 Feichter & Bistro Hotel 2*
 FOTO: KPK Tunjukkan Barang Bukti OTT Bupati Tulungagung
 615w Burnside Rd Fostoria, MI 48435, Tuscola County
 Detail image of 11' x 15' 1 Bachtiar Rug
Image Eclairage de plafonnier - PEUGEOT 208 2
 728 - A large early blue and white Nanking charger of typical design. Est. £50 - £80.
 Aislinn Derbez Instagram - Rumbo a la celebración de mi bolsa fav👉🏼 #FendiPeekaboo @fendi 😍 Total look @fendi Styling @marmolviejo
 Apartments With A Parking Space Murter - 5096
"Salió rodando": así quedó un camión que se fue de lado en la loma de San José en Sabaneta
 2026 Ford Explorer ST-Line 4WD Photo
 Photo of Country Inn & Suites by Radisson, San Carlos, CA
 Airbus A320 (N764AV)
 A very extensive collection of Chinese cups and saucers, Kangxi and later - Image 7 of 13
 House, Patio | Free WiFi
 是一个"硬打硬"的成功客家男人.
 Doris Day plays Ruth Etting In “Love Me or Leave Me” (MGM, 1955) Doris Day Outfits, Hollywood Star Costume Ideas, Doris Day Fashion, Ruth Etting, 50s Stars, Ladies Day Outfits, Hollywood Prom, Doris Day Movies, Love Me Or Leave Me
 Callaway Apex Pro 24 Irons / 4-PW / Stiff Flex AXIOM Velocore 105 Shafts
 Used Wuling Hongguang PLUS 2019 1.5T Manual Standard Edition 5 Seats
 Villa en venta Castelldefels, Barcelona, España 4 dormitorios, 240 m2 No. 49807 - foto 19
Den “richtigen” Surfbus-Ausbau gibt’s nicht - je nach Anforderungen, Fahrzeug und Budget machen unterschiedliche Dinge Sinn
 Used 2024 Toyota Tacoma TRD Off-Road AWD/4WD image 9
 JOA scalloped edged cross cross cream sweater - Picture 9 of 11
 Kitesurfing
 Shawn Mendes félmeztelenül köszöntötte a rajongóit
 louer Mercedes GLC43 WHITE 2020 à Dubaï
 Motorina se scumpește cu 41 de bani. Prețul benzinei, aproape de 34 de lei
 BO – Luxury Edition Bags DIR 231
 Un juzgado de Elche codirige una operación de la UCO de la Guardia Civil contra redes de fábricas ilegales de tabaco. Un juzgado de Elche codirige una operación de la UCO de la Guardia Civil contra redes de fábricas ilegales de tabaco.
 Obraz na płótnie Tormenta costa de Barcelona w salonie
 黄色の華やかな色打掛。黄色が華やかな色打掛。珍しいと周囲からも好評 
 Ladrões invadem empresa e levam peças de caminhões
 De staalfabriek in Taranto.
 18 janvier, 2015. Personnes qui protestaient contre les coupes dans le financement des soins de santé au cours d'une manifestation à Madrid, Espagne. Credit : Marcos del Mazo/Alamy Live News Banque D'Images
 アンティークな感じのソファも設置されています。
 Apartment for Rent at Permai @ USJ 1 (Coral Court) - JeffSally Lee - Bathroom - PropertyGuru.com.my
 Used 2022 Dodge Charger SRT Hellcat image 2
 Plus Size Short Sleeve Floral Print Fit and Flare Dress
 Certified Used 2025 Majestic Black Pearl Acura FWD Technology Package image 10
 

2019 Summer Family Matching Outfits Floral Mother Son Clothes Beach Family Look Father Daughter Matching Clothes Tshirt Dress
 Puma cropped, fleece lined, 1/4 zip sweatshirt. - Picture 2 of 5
==============================
*What the task requires*:
Start with the first line. Please copy exactly each line of the listing through the one with "Image Eclairage de plafonnier - PEUGEOT 208 2", including it.

*Reply to the exercise*:
 Feichter & Bistro Hotel 2*
 FOTO: KPK Tunjukkan Barang Bukti OTT Bupati Tulungagung
 615w Burnside Rd Fostoria, MI 48435, Tuscola County
 Detail image of 11' x 15' 1 Bachtiar Rug
Image Eclairage de plafonnier - PEUGEOT 208 2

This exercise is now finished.